Realizing that one way to handle this could be that instead of changing the data structure, if the option to order bookshelves existed in the interface and that was the order of the data, then I’d have control that way. This would have the advantage of not impacting anyone else who currently relies on this data structure.

Thanks, yeah, the current structure isn’t really well-suited for iterating over the bookshelves. I had imagined that most people would already know what shelves they had. But of course, then it’s harder to build general-purpose plug-ins and whatnot.

I’ll look into ordering.

I may or may not have broken this one. Gonna come back around to it after I finish refactoring some of the others (being able to choose a specific branch or w/e when cloning into Hugo would be a huge help with not breaking things others are using).

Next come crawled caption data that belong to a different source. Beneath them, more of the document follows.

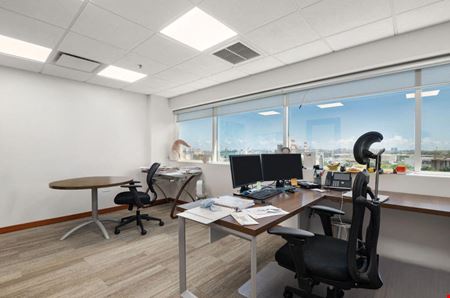 CIM 1 - 6th Floor - Turnkey Class A Office Suite 606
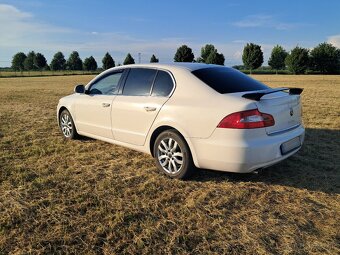 Škoda SUPERB 2 - 4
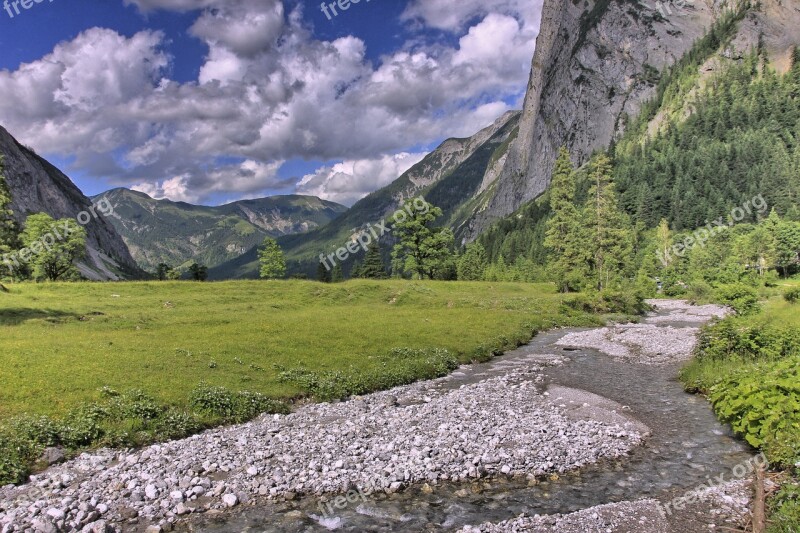 Nature Mountain Landscape Travel Sky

When I’m done I’ll have a sh$t ton of plugins and they will all be well documented

I have this covered with my use of data config files … I just haven’t touched the bookshelf plugin practically since I created it. Once I’m done refactoring I will have a consistent paradigm across all my plugins for advanced customization via self-documented TOML templates. plugin cards is the current model with its modular (TwitterOG, StructuredData, and Cardify) components reflected by the structure of the files in data directory. Parameter values are merged hierarchically (theme data file | plugin data file | hardcoded value) and used to dynamically generate any stylesheets or scripts according to parameter values.

The only thing not awesome about that plugin is the README, which I have yet to update.

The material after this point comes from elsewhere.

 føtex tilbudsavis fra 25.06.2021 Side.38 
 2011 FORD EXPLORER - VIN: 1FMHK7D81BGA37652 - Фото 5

The major discrepancy is that generating preview cards to appear within blog posts now uses a shortcode exclusively and external pages are now supported. Thanks to @sod, I’m scraping pages statically. The shortcode takes an optional parameter specifying whether the cardified link is intended to cross post. If so, the statically generated preview card is hidden via comment within an ordinary link (so other platforms generate cards) and Javascript unearths the generated fragment and replaces the link.

this is when my hacky approach of deleting the plugin to get an archived page comes in handy! L. Warner (aka Cerulean) Writes - Bookshelf still works!